Evet, Türkiye çok uzun zamandır değişmek istiyor. Artık mevcut 80 yıllık imha ve asimilasyon politikası, tekçi yönetim anlayışı Türkiye’ye dar geliyor. Çok geniş bir kesim değişim istiyor. Sistem biraz AKP ile değişim yapmak istedi. AB sürecinde yapılanlar gibi. Ama AKP’nin öz itibarıyla bunu gerçekleştirebilecek bir yapısı yok. Başlangıçta kimi liberal politikalara adım attı, herkeste umut yarattı. Ama gelinen aşamada AKP’nin bir demokratik değişimden, gerçek bir değişimden yana olmadığını, aksine sistemin kendini yeniden dizaynında ciddi bir rol oynadığını, 80 yıllık devlet politikasının biçim değiştirse de, özünü koruduğunu gördük. Bunun en iyi sınandığı sorun Kürt sorunudur. Kürt sorununda “demokratik açılım” deyip, sonunda “ulusal birlik” noktasına gelen yaklaşımı, AKP’nin bir şekilde sonunu da getiren yaklaşım olmuştur.
CHP’ye yapılan müdahale onunla kalmayacak muhtemelen AKP de bu süreçten payını alacaktır. Türk egemenlerinin siyaset tarzı anlayışı hem gelişen çağ açısından hem de toplumsal dinamikler açısından ihtiyaca cevap vermiyor. Bugün AKP, MHP ve CHP’nin yürüttüğü politika özünde aynıdır. Söyledikleri sözler farklıdır ama öz itibariyle değişime direnen Türklük üzerinden, tek kimlik, tek kültür üzerinden siyaset yapan ve Türkiye’de bir şekilde egemenlerin iktidarını koruyan, devleti temel olarak gören, halkı devlete hizmetçi gören bir anlayışı temsil ediyor hepsi. Bütün bunlar değişen bir şeyin olmadığını gösteriyor. Ya değişecekler ya aşılacaklar. Şu an aşılmakla karşı karşıyalar. Burada bizim durumumuz nasıl? Biz de yeterince güçlü olabilseydik toplumun değişim ihtiyacına cevap verebilecektik. Hepimiz daha çok kendi siyasal önceliklerini en öne alan, “küçük olsun benim olsun” anlayışından vazgeçip; “bizim olsun, büyük olsun” yaklaşımına ulaşarak bu sürece daha etkin katılabiliriz. Doğal olarak insanların kafasında “olur mu, olmaz mı, nasıl olacak?” soruları oluyor ama artık bazı şeylerin olgunlaştığını düşünüyorum. Harekete geçmekte daha fazla geç kalma lüksümüz yok.
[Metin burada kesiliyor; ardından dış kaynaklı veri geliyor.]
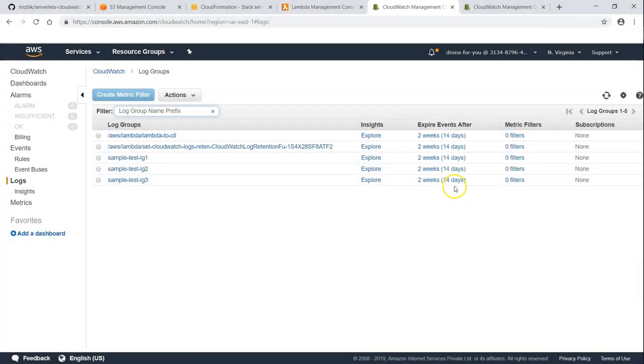So this is how you set up log retention for your account and this will do it in all the regions also. So if you want to go ahead and do this in your account, go ahead and put them in the comment section and we can communicate with each other. Thanks for watching. Happy learning.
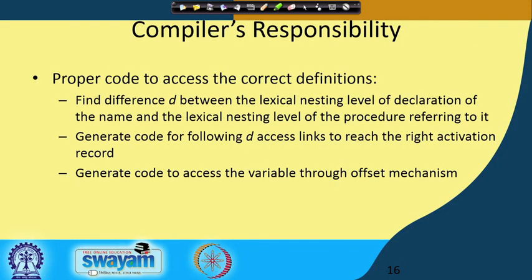What is the compiler's responsibility? The access link is fine — we have to go by the access link to come to the corresponding definition of a name or identifier. But how will the compiler generate code so that this access will be correct? The first thing it has to do is find the difference d between the lexical nesting level of the declaration of the name and the lexical nesting level of the procedure referring to it.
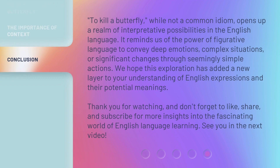'To kill a butterfly,' while not a common idiom, opens up a realm of interpretive possibilities in the English language. It reminds us of the power of figurative language to convey deep emotions, complex situations, or significant changes through seemingly simple actions. We hope this exploration has added a new layer to your understanding of English expressions and their potential meanings. Thank you for watching, and don't forget to like, share, and subscribe for more insights into the fascinating world of English language learning. See you in the next video.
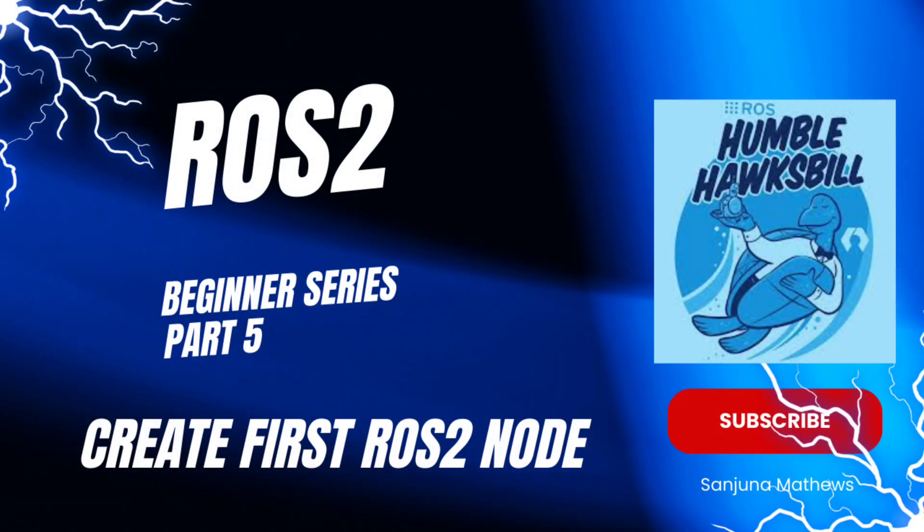Hi all, this is part 5 of the ROS2 beginner series. Today we are creating our first ROS2 node.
-2010 yılı sınıf hareketinde de ciddi bir hareketlenmeyle başladı, Tekel işçilerinin direnişi iki kampın gündemlerini yararak ilk sıralara yerleşti, ardından 1 Mayıs toplumun pek çok kesimin yan yana geldiği ciddi bir buluşma oldu. İnsanlar bir takım kanalların açılabileceğini gördüğünde orada büyük bir toplanmanın olabildiği görülüyor. Bütün bu gelişmeler karşısında sizin parti olarak daha ayrıntılandırılmış bir yaklaşımınız var mı?
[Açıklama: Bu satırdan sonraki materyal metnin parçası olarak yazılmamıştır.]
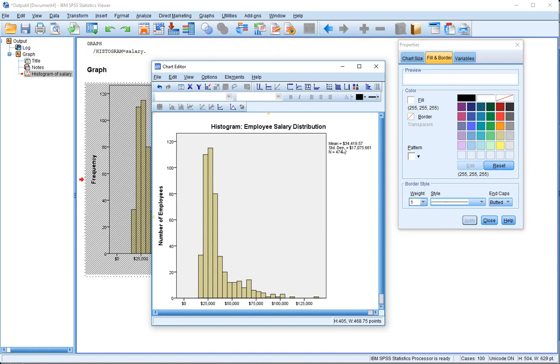Associated with this particular distribution, N equals 474, so that means there were 474 observations that make this particular distribution. The mean, or the average salary, is $34,000.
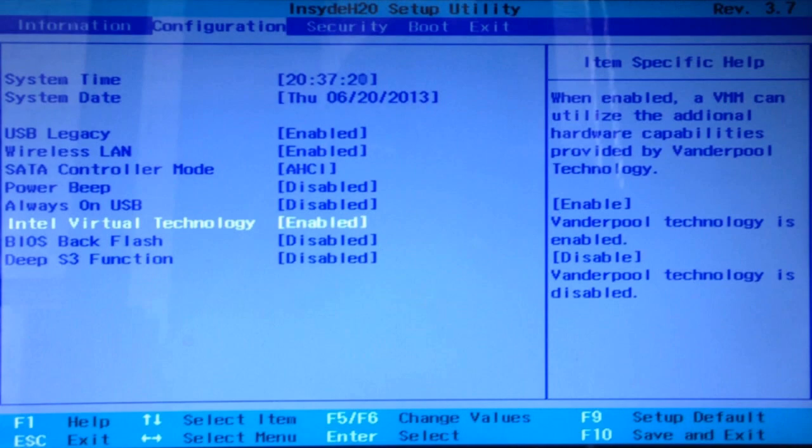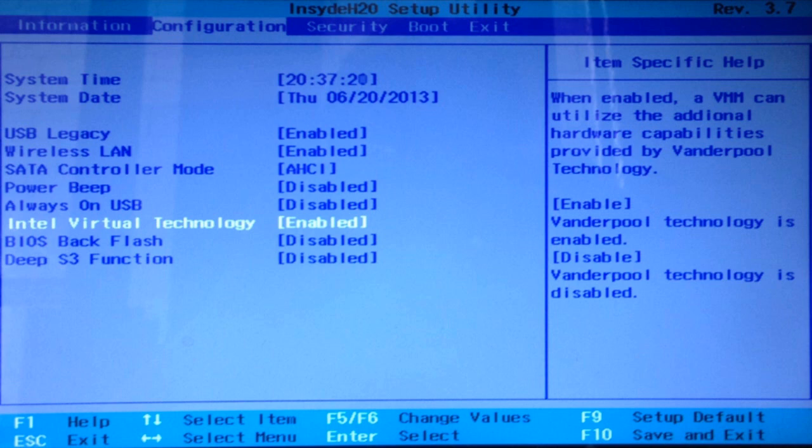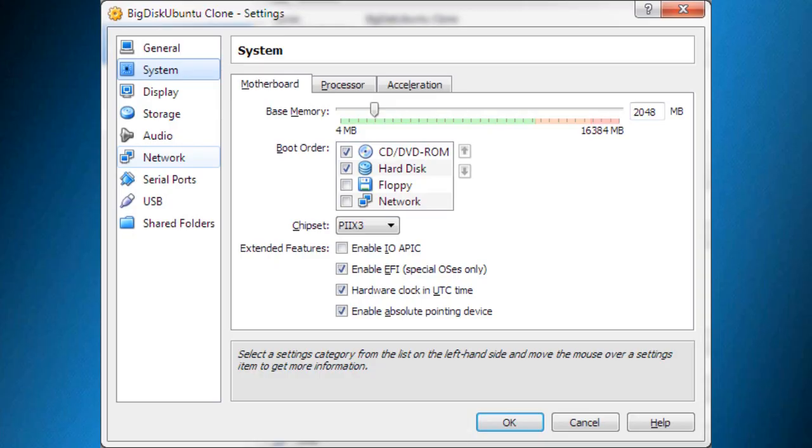There are only two simple steps you'll need to do and the first one is enabling virtualization technology in your BIOS. It's what your PC needs in order to run VirtualBox properly. And the second thing is turning on your EFI capabilities in VirtualBox.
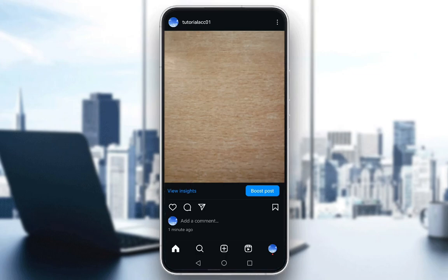Your professional dashboard is pretty much as it says — a dashboard where you can access tools and analytics in general, which will help you grow your professional account or your creator account on Instagram. It is a very essential tool in gaining traction on this platform, and it is very easy to access.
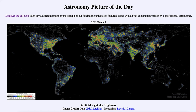Here we see the entire earth stretched out before us. The different colors represent the brightness of the night sky. Areas shown in orange and red have become so bright due to light pollution that the Milky Way is no longer visible — you cannot see our galaxy from those regions.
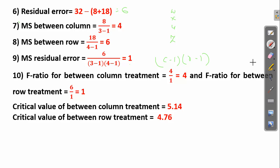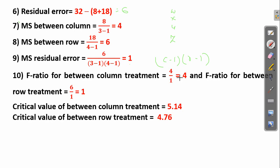Now all we need to do is calculate the F ratio. For between column treatment, we divide MS between column — that is 4 — by MS residual error — that is 1 — giving us 4. For between row treatment, MS between row is 6, divided by MS residual error 1, giving us 6. We are done — we have calculated the F ratios.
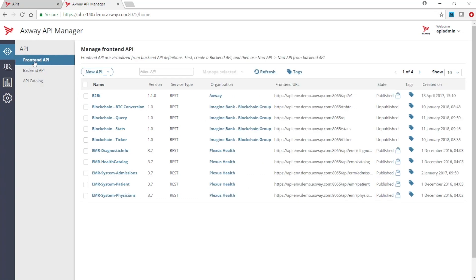The front-end API tab shows a list of the available APIs. I'll select the blockchain checker API.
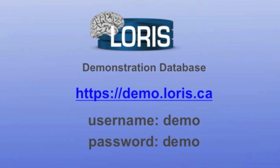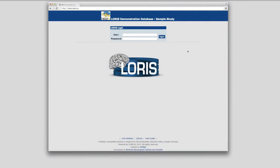Please visit our demonstration database at https://demo.loris.ca, and log in with the username demo and password demo — one word, all lower case. Please note that LORUS is designed to work best with a platform-independent browser such as Chrome.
Biz bu emek cephesinin kendisini 3. Cephenin içinde görüyoruz. Burada nasıl mücadele yürüteceğimiz önemli. Bu sorunun çözümünü nasıl güncelleştirebiliriz? Nasıl ortak bir güç olabiliriz? Nasıl büyüyebiliriz? Tüm kesimlerin taleplerini birlikte dövüştürme yollarını bulmalıyız. Yoksa işçilerle dayanışmak ya da Kürtlerle dayanışmak mantığı sorunu çözmüyor.
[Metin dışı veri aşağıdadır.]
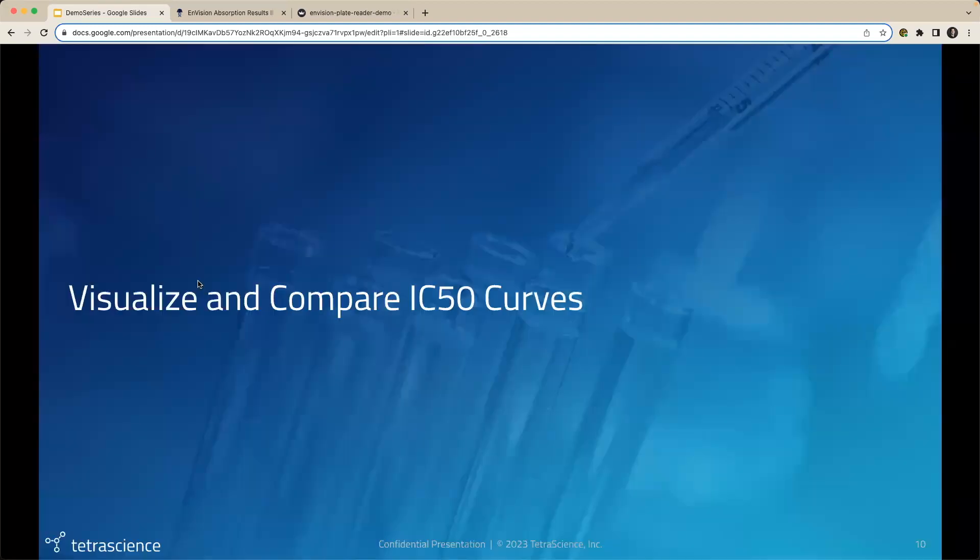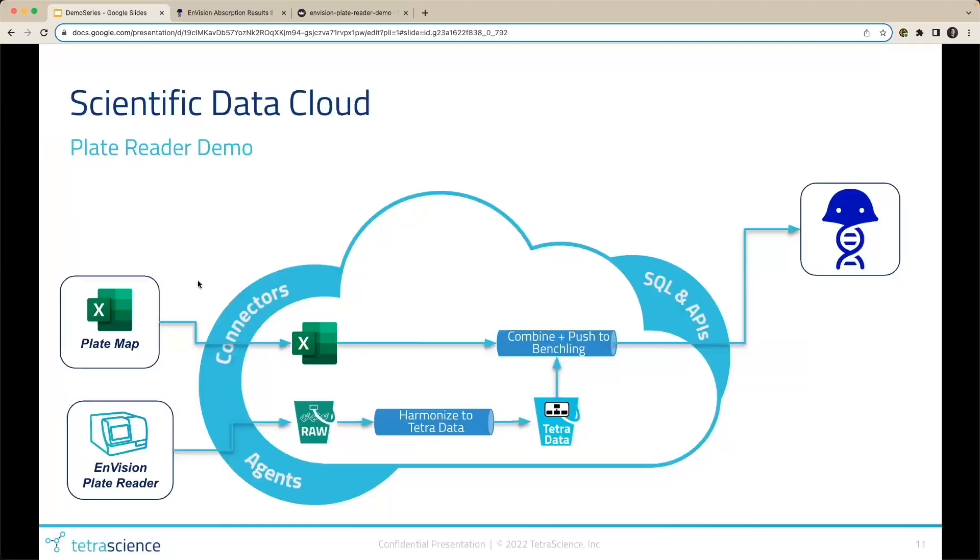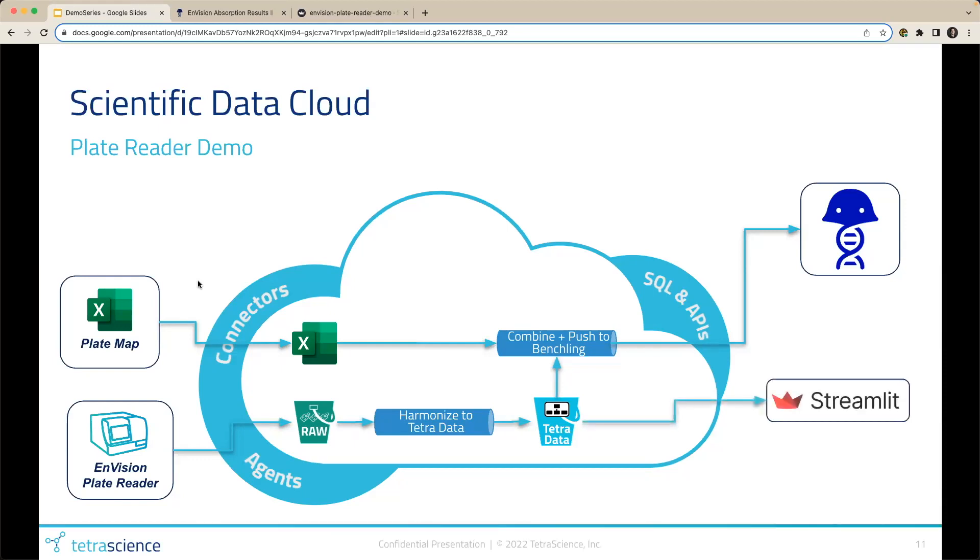Now, how can we analyze and visualize this plate reader data further? Now that our plate reader data is harmonized to Tetra data on the platform, we have endless possibilities. Streamlit is an open source Python based visualization tool that we use to build an application directly on top of the platform.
Biz bu 3. Cepheyi yarattığımızda işçilerin sorunlarına nasıl yaklaşmalıyız, tekel işçilerinin sorunlarını nasıl görüyoruz, Tuzla tersanelerinde ölümleri nasıl durduracağız, maden ocaklarındaki taşeronlaştırma sürecine karşı neler yapabileceğiz… Böyle pek çok konuda ortak ilkelerle bir mücadele hattı oluşturmalıyız. Aynı zamanda Kürt sorununda ortak çözüm önerileri ve ortak mücadele. Kadın meselesinde de… Bütün bunları yapabilirsek anlamlı bir şey yapmış olacağız. Yoksa mesele dayanışmayla çözülecek bir durumda değil. Eskiden beri sürdürdüğümüz işçiler ya da Kürtler yapsınlar da dayanışalım mantığıyla olmaz.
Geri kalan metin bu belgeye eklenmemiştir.